Monday, Mar. 16, 1959

By Accident

The county-sized Grand Duchy of Luxembourg (pop. 315,000; area, 1,000 sq. mi.) is the smallest member of NATO, of the European Common Market and of the United Nations. But in some matters, little Luxembourg looms big. It is the tenth largest steel-producing country in the world; its citizens are the most prosperous in Europe, and so fond of its own frothy beer and heavy dumplings that the Germans market corsets in Luxembourg that are outsized even by German standards. And, according to a U.N. report, Luxembourg's drivers have the highest automobile accident rate in the world.

In an attempt to remove the bad-driving stigma from Luxembourg's good name, the coalition government last year pushed through a seemingly routine law requiring all of the grand duchy's drivers to undergo a yearly checkup on their cars, at their own expense ($4). It did not sit well. Opposition Leader Eugene Schaus charged that one firm had tried to bribe the Ministry of Transport to get the contract. Spurning the bribe, the minister eliminated the firm from the list of candidates. Aha, said Schaus, but had he reported the bribe attempt within six days, as required by law? In the resultant fuss, the government toppled and a general election was called.

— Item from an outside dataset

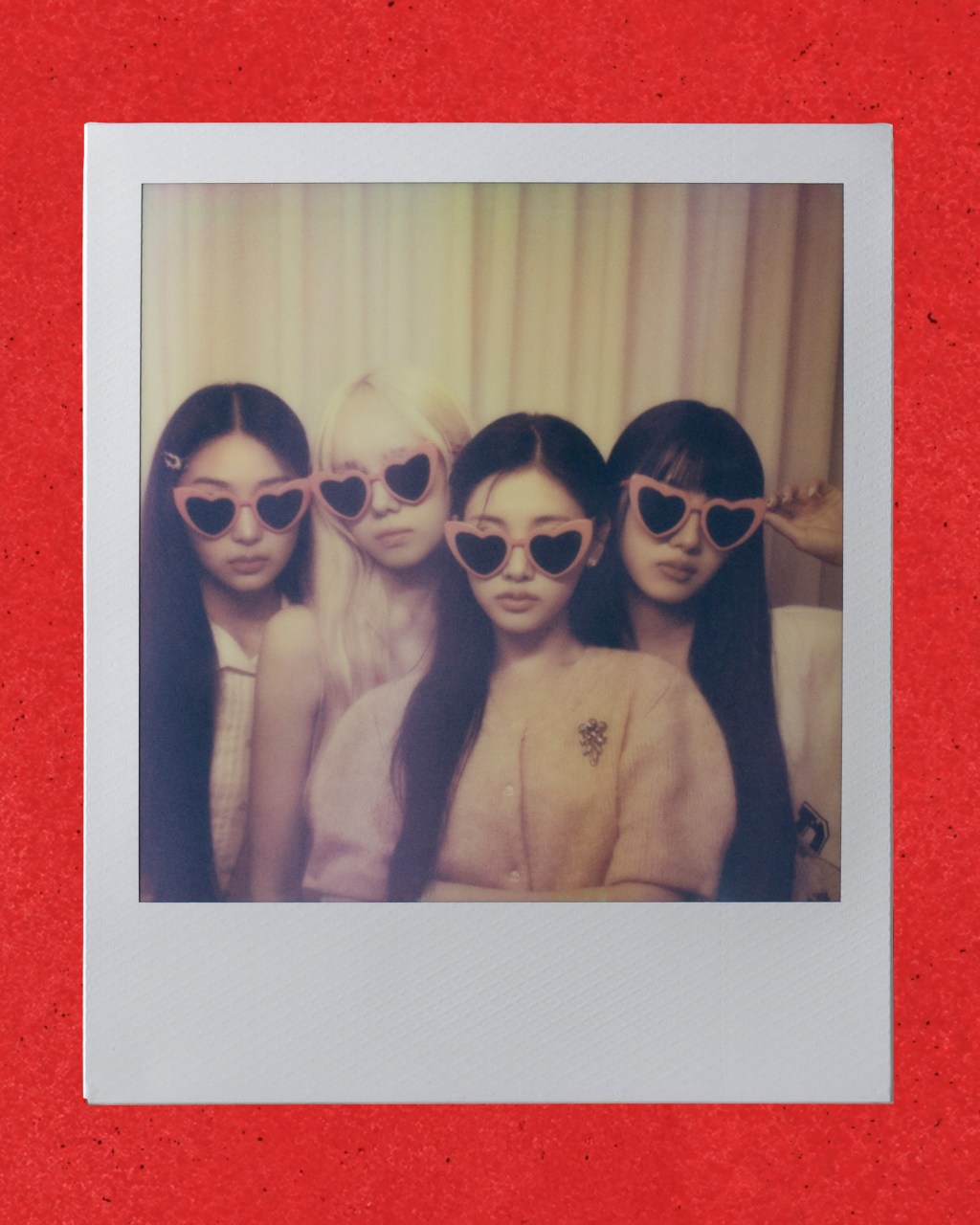 BABY DON'T CRY: Group photo before debut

Schaus's party won, and last week, when the new government was formed, the furor over the accidents produced a major casualty. Portly, white-haired Joseph Bech, 72--a Christian Socialist who has been Foreign Minister for the past 33 years and a familiar florid figure at nearly every international conference since League of Nations days, in the company of the famed from Lloyd George to Macmillan--lost his job. The new Foreign Minister: Eugene Schaus.